I think the Broncos are a bit stronger. They’ll find a way to win.
NFL veteran Ricky Manning Jr. in picking Denver to upset New England
The only thing amiss about this year’s conference championship games is the NFL giving us the main event before the undercard. Carolina and Arizona are the two best teams left, and the winner probably will be the betting favorite in Super Bowl 50. Still that game lacks the emotional heft of the 17th (and perhaps final) meeting between the two greatest quarterbacks of their generation.
So let’s start there.
AFC Championship: Patriots (13-4) vs. Broncos (13-4)
Line: New England by 3
As much as everyone wants to reduce this game to Tom Brady vs. Peyton Manning, it’s really not. More accurately, it’s about Brady vs. Broncos defensive coordinator Wade Phillips.
Even though Brady is 11-5 against Manning in their head-to-head meetings (Colts and Broncos combined), other historical trends go against the Patriots. For instance, New England coach Bill Belichick has an 8-12 career record vs. the Broncos, and Brady is 2-6 all-time in the Mile High City.

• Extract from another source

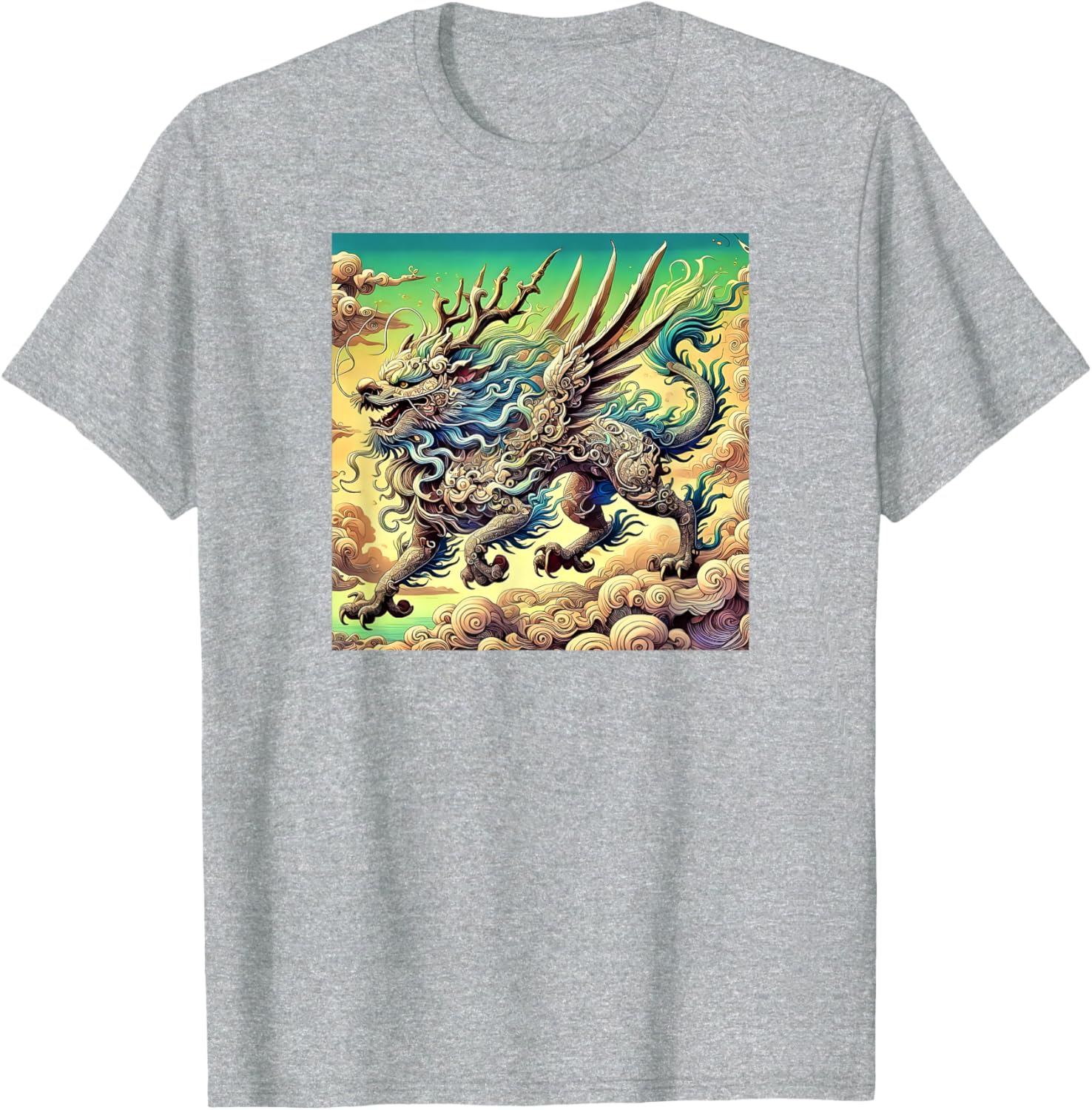 Legendary Qilin Dragon-Inspired T-Shirt for Unique Fashion Lovers - 3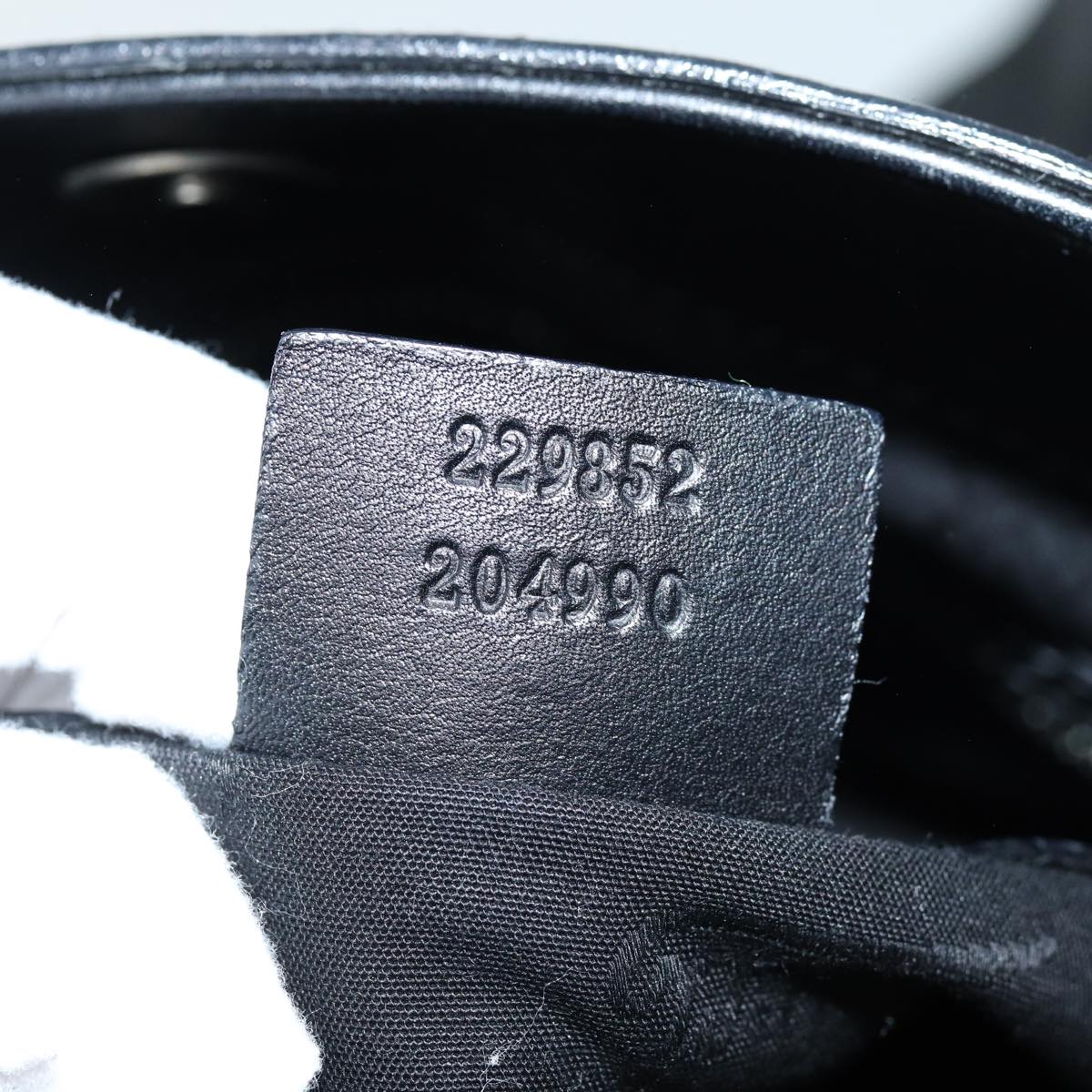 GUCCI GG Canvas Guccissima Horsebit Tote Bag Black 229852 hk1292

Of course, those numbers will mean nothing if Manning remains a shadow of his old self. The questions that have dogged the 39-year-old quarterback all season (Is he really healthy? Why are his wobbly passes so frequently intercepted? Should backup Brock Osweiler be playing instead?) have never fully been answered.
Frankly, it’s a minor miracle the Broncos even made it this far. They did so because of Phillips’ stingy 3-4 defense that allowed the fewest yards in the NFL and only 18.5 points per game despite Manning’s 17 interceptions (in nine starts) often providing short fields to Denver’s opponents.
17Interceptions thrown by Denver QB Peyton Manning this season in nine starts
The Broncos’ formidable pass rush and top-notch secondary give them a fighting chance to slow down Brady, who should have receiver Julian Edelman and tight end Rob Gronkowski near full health.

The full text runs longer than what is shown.